Grief has weird ways of manifesting itself. It’s obvious one is going to be grief stricken when a loved one passes away, but how come we feel so bereft when a celebrity dies?

It started that fateful Sunday August 31st 1997 when our beautiful Princess Diana was killed in a car crash in Paris. The public outpourings of grief were extraordinary and unprecedented. I, for one, couldn’t stop crying on and off all day, and right up until the day after her fantastic state funeral, and it seems it affected a lot of the rest of the world the same way.

Not a lot of celebrity deaths have really affected me before that, or since, until very recently. I may have shed a few tears when I heard Elvis Presley had died, and I remember I had to take the morning off work on the day that Freddie Mercury died when I heard Bohemian Rhapsody being played on my car radio on the way to work. I was so overcome with tears that I just turned my car around at a roundabout and drove back home in tears. My boss was slightly sympathetic, but I don’t think my display of emotion did my career much good.

Since then, I was a bit upset when Michael Jackson died and when Amy Winehouse died, but I don’t think either affected me emotionally. I just thought what a waste of talent.

Maybe it is because I have lost some dear friends in the last few years. Maybe  it is because I am reminded of my own mortality, and that of my contemporaries. Maybe it is because I am sitting at home in blissful retirement and have time to grieve. I don’t really know why it is, but all I can say is that it seems that I am not alone in my strange feelings of grief for losing someone I have never even met, judging by the tearful tributes expressed by Jill and Jo Public on Jeremy Vine’s radio programme today.

Last year we lost Cilla Black. That was the first time that I cried for days after a public figure died, apart from Princess Diana. Why did that affect me so much? Okay, so I used to watch Blind Date. But that was a long time ago.

Since then there has been a spate of celebrity deaths. Lennie from Mortorhead moved me slightly, but only because I started playing his music that I used to head bang to.  Ed (Stewpot) Stewart died. OMG! Another sudden death of someone from my era. Then David Bowie. I’ve never been much of a Bowie fan, but I always appreciated his talent. I was in floods for days every time I heard one of his records being played. How weird!

Not long after that it was Glen Frey’s turn to go. One of my favourite groups has always been the Eagles, and there has been one of their CD’s on my player since my 70th birthday. I suppose I can understand why I cried every time I heard an Eagles track on the radio for the next week.

But yesterday I heard the sad news I had been dreading for weeks. Terry Wogan had been off the radio since November 8th, due to a bad back, as far as I had heard. Richard Madely was standing in for his Sunday programme and every week he just kept saying that he hoped Terry would be back soon. Nine am news yesterday I suddenly heard that Terry Wogan had died of cancer. I haven’t stopped crying for long since. Why?
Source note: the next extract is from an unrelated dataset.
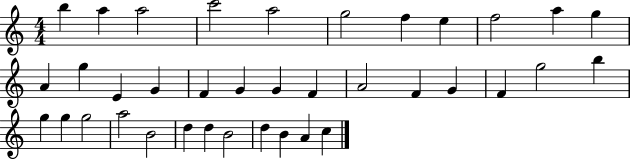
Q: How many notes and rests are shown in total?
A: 37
I cried when Terry Wogan announced on his last morning show that he was retiring from that radio slot, although he was going to do a Sunday show. My mornings have never been the same since. Chris Evans just doesn’t cut it for me. He is too shrill and hyper for first thing in the morning. I need more mellow tones. I need Terry Wogan’s humour. Being one of his TOGs he knew just how to make me laugh, especially on the way to work, when I was feeling fed up with the thought of the stressful day ahead of me. By the time I got to work I was laughing my head off at one of his quips, or his Janet and John stories. I felt his loss badly enough when he left the morning show, but at least he made Sundays bearable, after Steve Wright’s stupid love songs programme and before Elaine Page took over the radio with her idiotic cackle and her awful selection of songs from the musicals. I quite often have to turn off the radio then, or take the dog for a walk before I punch the radio.

Maybe it is the power of music that does it, that causes such emotion. I have always had pop music on all day and every day, until the TV takes over in the evening. Music has always been part of my life. Memories come flooding back every time I hear an old record. I am immediately transported back to the time when that record was in the charts. Seemingly my life must have been basically happy, as they mostly all bring back happy memories, not sad ones, apart from a couple of records that still make me cry at my remembered misery when I hear them.

With the amount of my contemporaries’ deaths being announced, almost on a daily basis, I am wondering which celebrity will be next. I certainly cannot imagine any other DJ will affect me as badly as Terry Wogan has done. He has been such a big part of my life. Wogan played the right sort of music, had the right sort of humour, the right tone of voice and must be the best ever D.J., well in my opinion anyway. He even made the Eurovision song contest bearable. What a legend. He will be sadly missed by all of us.